======== Data extract

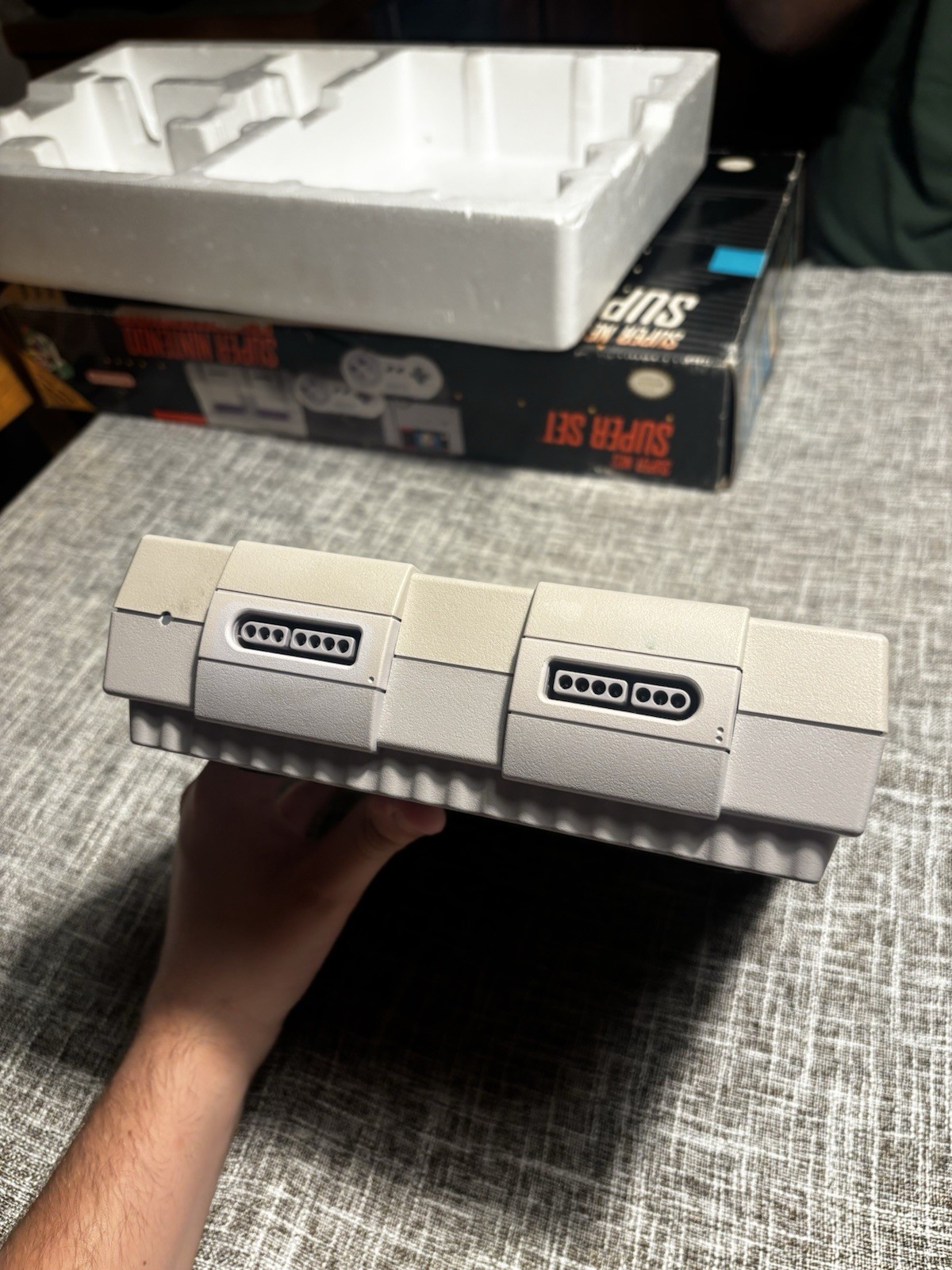 Nintendo Super NES Super Set Console with Super Mario World Complete In Box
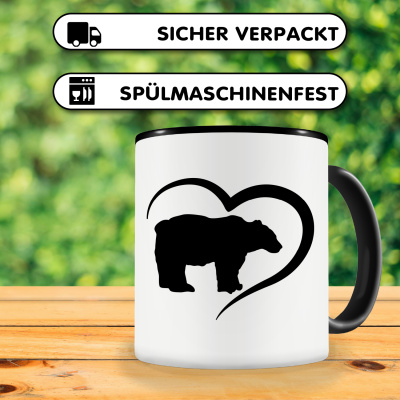 Tasse mit dem Motiv Herz mit Br - Ansicht 4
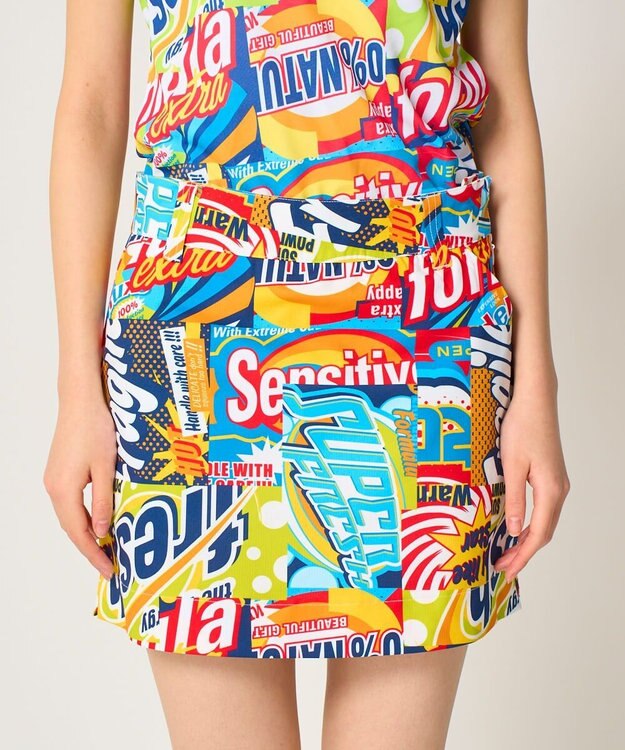 FILA GOLF／marie claire 【Loudmouth】柄スカート Bubbles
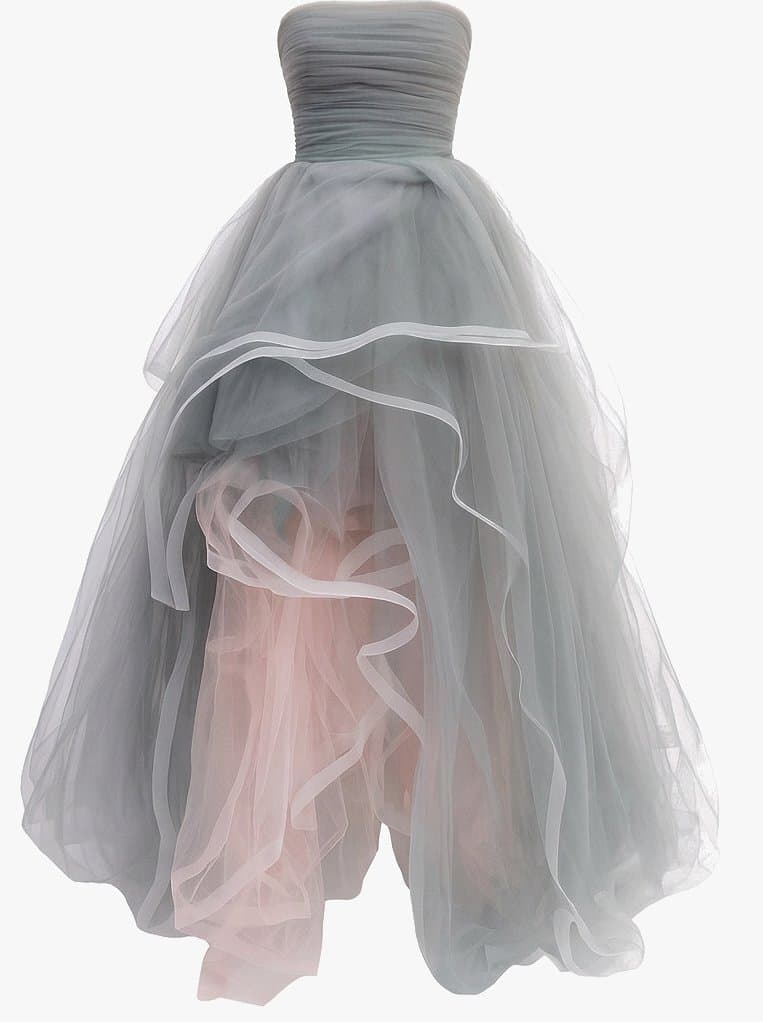 Oscar De La Renta High-low Tulle Gown Fall 2012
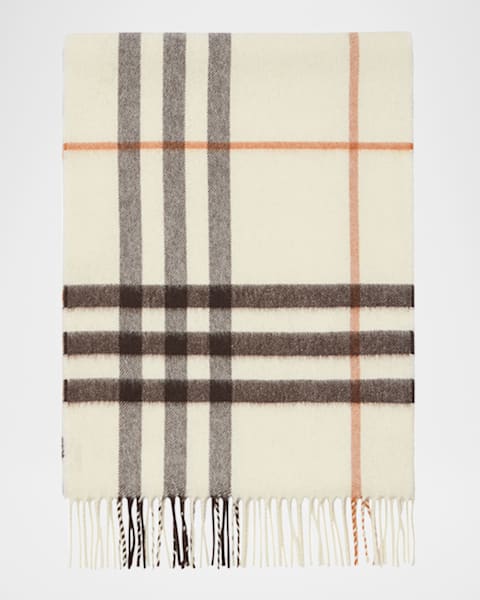 Burberry Giant Check Cashmere Scarf | Neiman Marcus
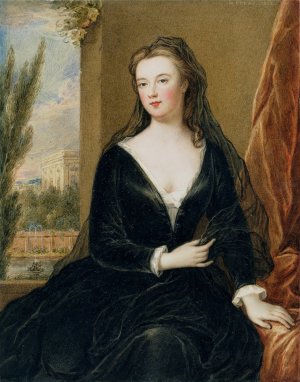 Sarah, Duchess of Marlborough by William Derby Oil Painting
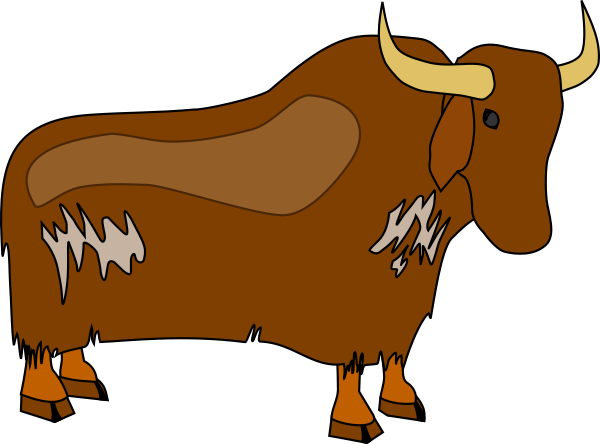 Brown Yak Clip Art At Clker - Clip Art (640x480)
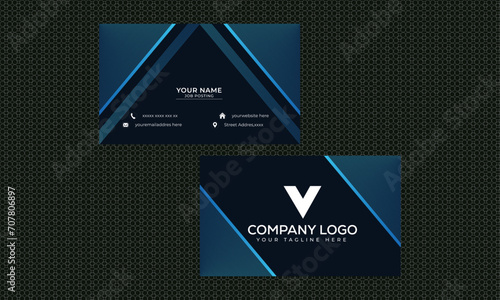 Business card for company personal branding office advertisement introduction creative corporate graphic cyberspace logotype as well as visiting stylish identity premium elegant expensive symbol.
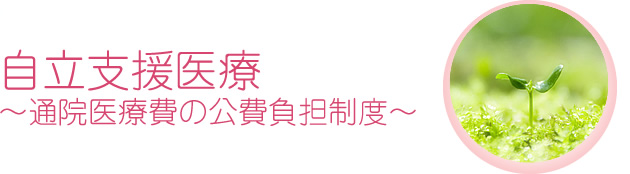 自立支援医療 ~通院医療費の公費負担制度~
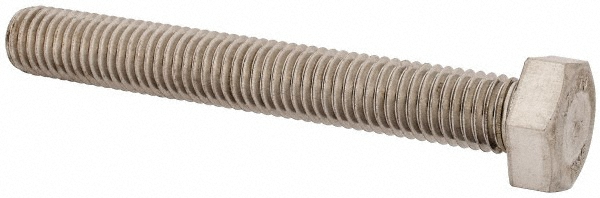 Value Collection 3MAHC0120090CP Hex Head Cap Screw: M12 x 1.75 x 90 mm, Grade 18-8 & Austenitic Grade A2 Stainless Steel, Uncoated Image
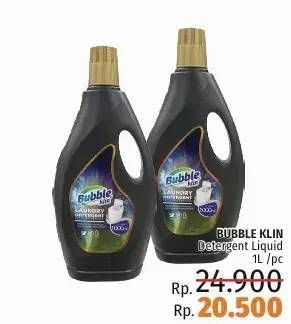 Promo Harga BUBBLE KLIN Liquid Detergent Lemon 1000 ml - LotteMart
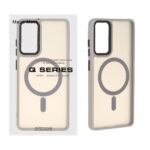 قاب اورجینال Magic Mask مات Magsafe بلک لنز Samsung Galaxy S20 FE - خاکستری (پک دار)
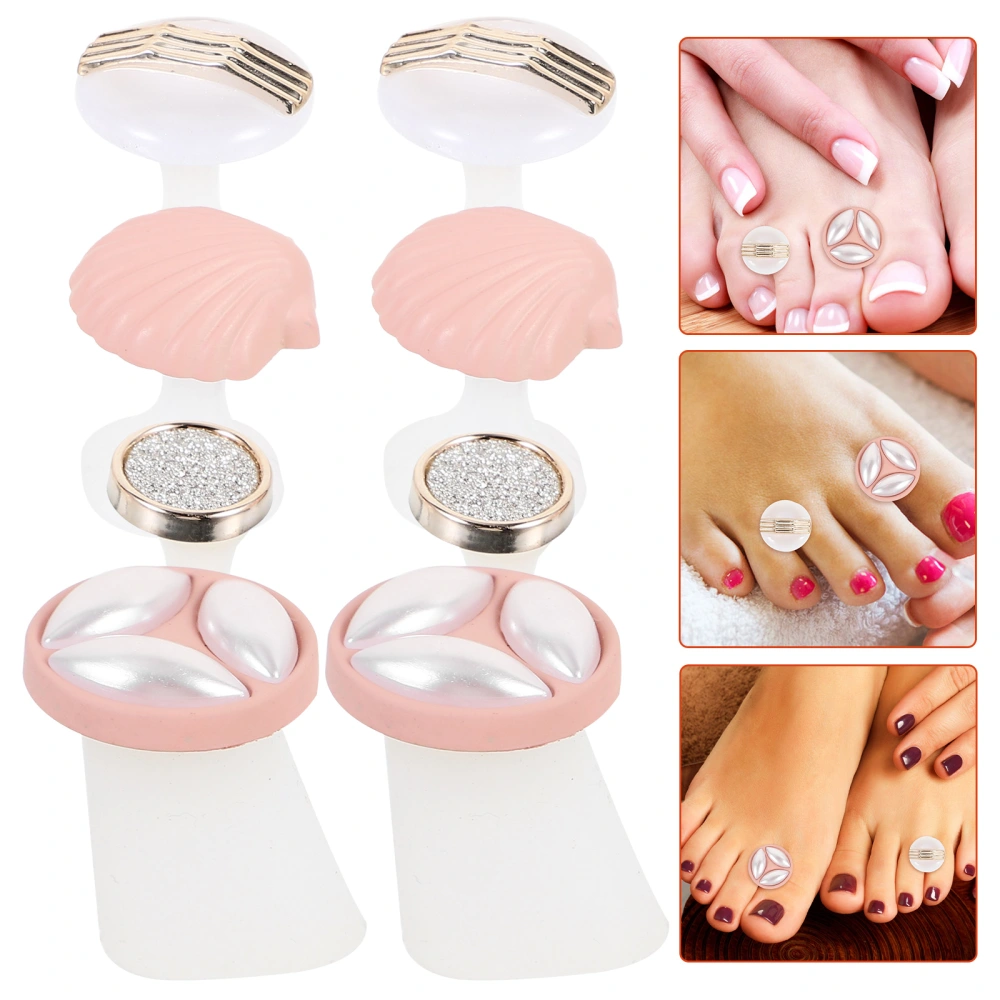 8 pcs Silicone Toe Separators Small Toe Separators Decorative Toe Spacers Pedicure Toe Separators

================

▶ The task
Leave out every picture, and copy exactly the lines above starting at the one holding "Tasse mit dem Motiv Herz mit Br - Ansicht 4" and ending at the one holding "Business card for", no more and no less.

▶ Output for this task
 Tasse mit dem Motiv Herz mit Br - Ansicht 4
 FILA GOLF／marie claire 【Loudmouth】柄スカート Bubbles
 Oscar De La Renta High-low Tulle Gown Fall 2012
 Burberry Giant Check Cashmere Scarf | Neiman Marcus
 Sarah, Duchess of Marlborough by William Derby Oil Painting
 Brown Yak Clip Art At Clker - Clip Art (640x480)
 Business card for company personal branding office advertisement introduction creative corporate graphic cyberspace logotype as well as visiting stylish identity premium elegant expensive symbol.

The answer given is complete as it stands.